But lest you think it’s just hand-wringing watchdogs and helicopter parents doing the tongue clucking here, one of the hottest advertising executives of the last generation has also called for a moratorium. Alex Bogusky, founding partner of Crispin Porter + Bogusky and now founder of the consumer think tank FearLess Cottage, recalls passing a McDonald’s with his kids when they were toddlers. Without ever having been to the fast-food chain, his children (now 12 and 15) told him they loved it and wanted to go—and all because of the restaurant’s advertising, he says, which focused on the toys and Ronald.
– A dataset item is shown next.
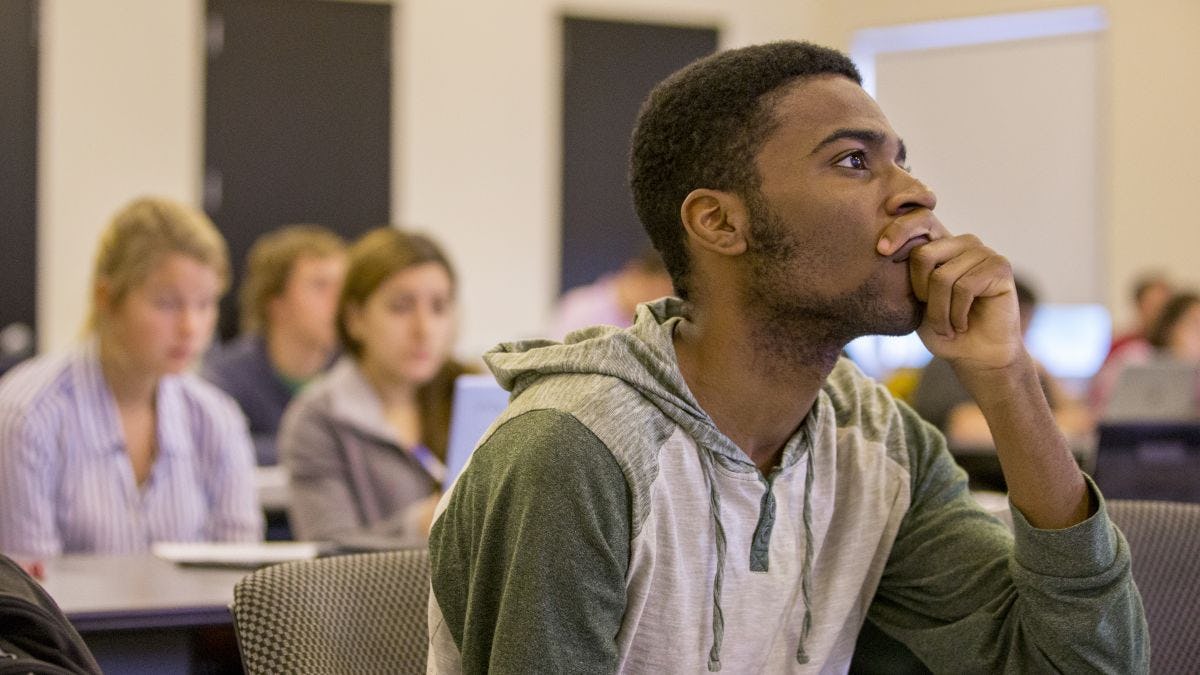 Student listens to instructor, thoughtfully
“Probably most of us have been in the car and had your kids be, like, ‘I want to go to McDonald’s, I want to go to Burger King,’ wherever. And basically you get in a fight over it,” he tells Adweek. “I don’t think that consumers are thinking it through. The fight you’re getting in is between you, your kid, and some MBA who has developed a relationship and a conversation with your child. I don’t know why we feel like it would be such a mistake to say, ‘You know what? We won’t advertise to kids.’”

But targeting younger and younger kids, as can be seen by the dollars pouring into the coffers of these brands, does not bother all parents.

“Although I’m not a huge fan of buying my kids products drenched in licensed characters, if it makes my life easier as a parent, then I’m all for it,” says Kristen Chase, an Atlanta, Ga.-based mother of four and co-editor of the popular parenting blogs Cool Mom Picks and Cool Mom Tech. “I owe Transformers underpants to tear-free potty training. And Dora bandages seem to make boo-boos better much quicker than the plain ones.”

Julie Robichaux, a Montpelier, Vt., mother of two who runs the blog A Little Pregnant, refuses to get too worked up over the fight for her kids’ attention. “Until someone sends my 3-year-old a credit card and takes him shopping without me,” she says, “I don’t much care one way or the other.”